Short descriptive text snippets

·····

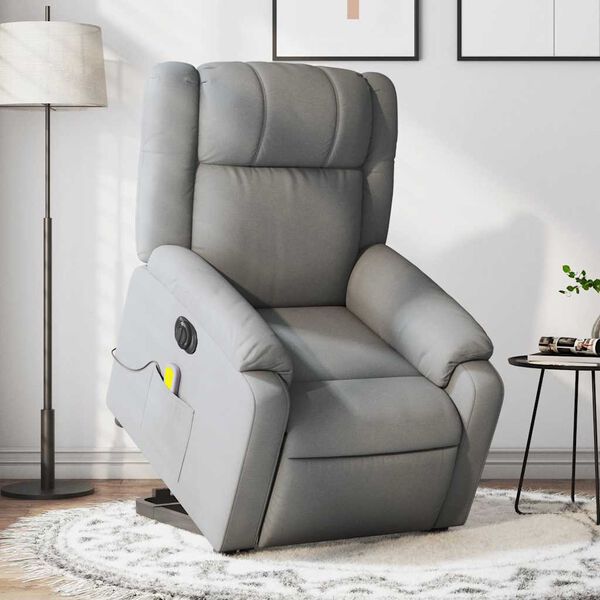 vidaXL Fauteuil inclinable de massage électrique gris clair tissu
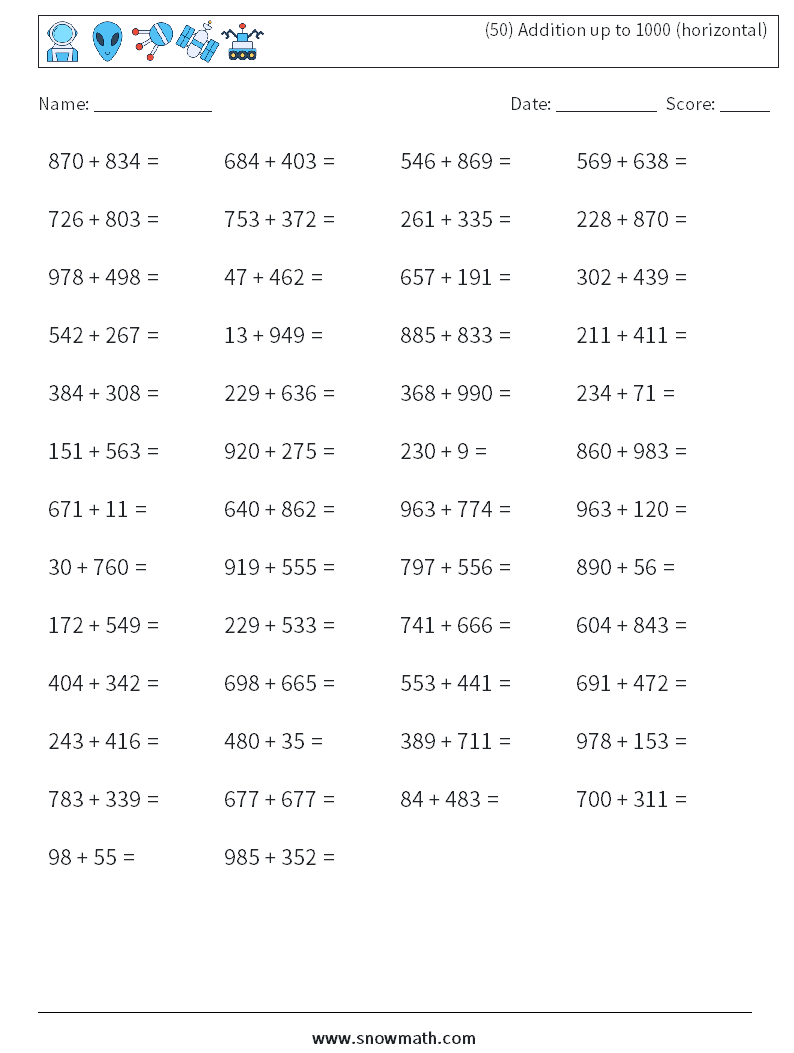 (50) Addition up to 1000 (horizontal) Maths Worksheets 7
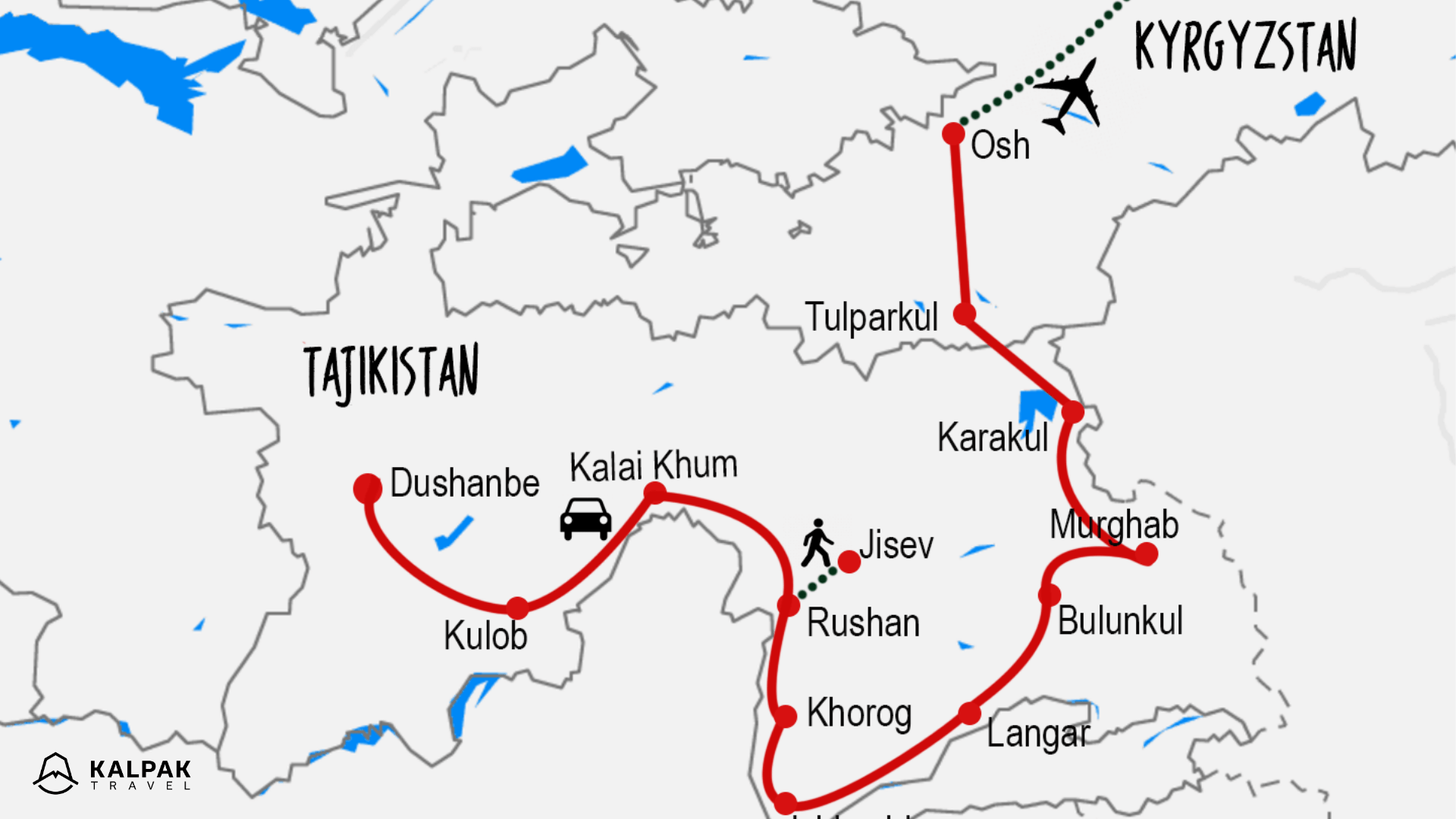 Pamir Highway map on the example of the tour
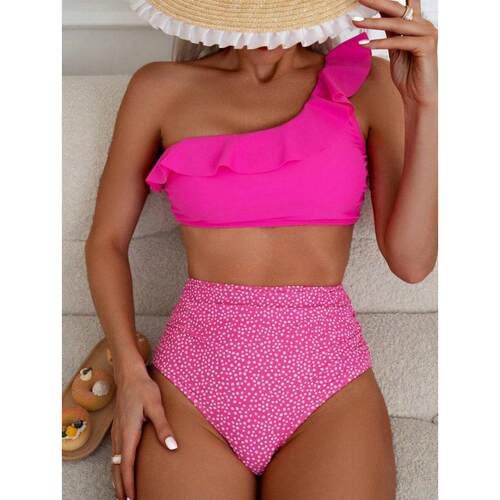 Y 93662 Solid Three-piece Bikini 纯色性感三点式泳衣跨境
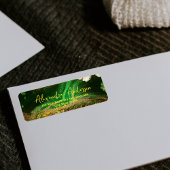 Étiquette Peinture à fluide Abstrait Faux Or Métallic Foil V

·····

◆ EXERCISE OBJECTIVE:
Without the pictures, extract every entry verbatim.

◆ WRITTEN ANSWER:
 vidaXL Fauteuil inclinable de massage électrique gris clair tissu
 (50) Addition up to 1000 (horizontal) Maths Worksheets 7
 Pamir Highway map on the example of the tour
 Y 93662 Solid Three-piece Bikini 纯色性感三点式泳衣跨境
 Étiquette Peinture à fluide Abstrait Faux Or Métallic Foil V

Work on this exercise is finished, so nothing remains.